I was disturbed to notice that some mitigating circumstances in the case of Yakub Memon and some other members of the family were probably not brought to the notice of the court by the prosecution and that the prosecution did not suggest to the court that these circumstances should be taken into consideration while deciding on the punishment to be awarded to them. In their eagerness to obtain the death penalty, the fact that there were mitigating circumstances do not appear to have been highlighted.
It was an outstanding piece of investigation by the Mumbai police and the Central Bureau of Investigation, with the excellent help of the IB. The nation ought to be proud of the officers who handled the investigation and prosecution, for their outstanding success in painstakingly collecting all the relevant evidence and placing before the court a watertight case.
The aura surrounding them would have shone even brighter had they taken the initiative in underlining before the court that there were some mitigating circumstances and that keeping those circumstances in view, they would refrain from asking for the death penalty even though perpetrators of such barbaric acts of terrorism deserve the death penalty.
The prosecution was right in saying that Yakub was arrested in Old Delhi. Yakub was right in claiming that he was not arrested in Old Delhi. In July 1994, some weeks before my retirement, he was informally picked up in Kathmandu, with the help of the Nepal police, driven across Nepal to a town in Indian territory, flown to Delhi by an aircraft of the Aviation Research Centre and formally arrested in Old Delhi by the investigating authorities and taken into custody for interrogation. The entire operation was coordinated by me.
He had come to Kathmandu secretly from Karachi to consult a relative and a lawyer on the advisability of some members of the Memon family, including himself, who felt uncomfortable with Pakistan’s Inter-Services Intelligence, returning to India and surrendering to the Mumbai police. The relative and the lawyer advised him against surrender due to a fear that justice might not be done to them. They advised Yakub to go back to Karachi.

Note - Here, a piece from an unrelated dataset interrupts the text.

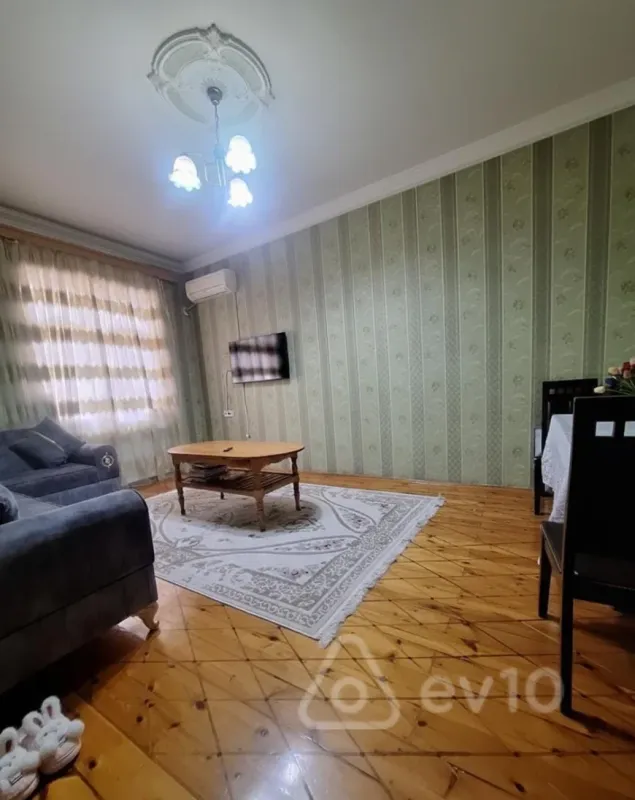 Satılır 6 otaqlı həyət evi 190 m²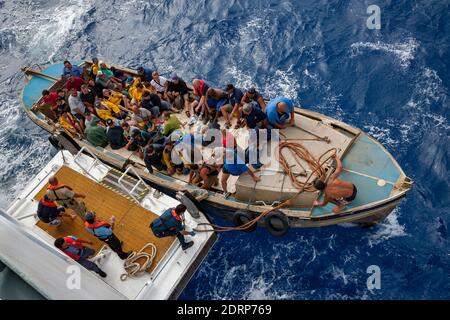 Visualizza il modulo a bordo della nave da crociera Pacific Princess ormeggiata a Bounty Bay presso le isole Pitcairn, che è un piccolo gruppo di isole essendo un inglese Overse Foto Stock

Before he could board the flight to Karachi, he was picked up by the Nepal police on suspicion, identified and rapidly moved to India.
He cooperated with the investigating agencies and assisted them by persuading some other members of the Memon family to flee from the protection of the ISI in Karachi to Dubai and surrender to the Indian authorities. The Dubai part of the operation was coordinated by a senior officer of the IB, who was then on deputation to the ministry of external affairs. Neither the R&AW nor I had any role in the Dubai part of the operation.
The cooperation of Yakub with the investigating agencies after he was picked up informally in Kathmandu and his role in persuading some other members of the family to come out of Pakistan and surrender constitute, in my view, a strong mitigating circumstance to be taken into consideration while considering whether the death penalty should be implemented.
There is not an iota of doubt about the involvement of Yakub and other members of the family in the conspiracy and their cooperation with the ISI till July 1994. In normal circumstances, Yakub would have deserved the death penalty if one only took into consideration his conduct and role before July 1994.
But if one also takes into consideration his conduct and role after he was informally picked up in Kathmandu, there is a strong case for having second thoughts about the suitability of the death penalty in the subsequent stages of the case.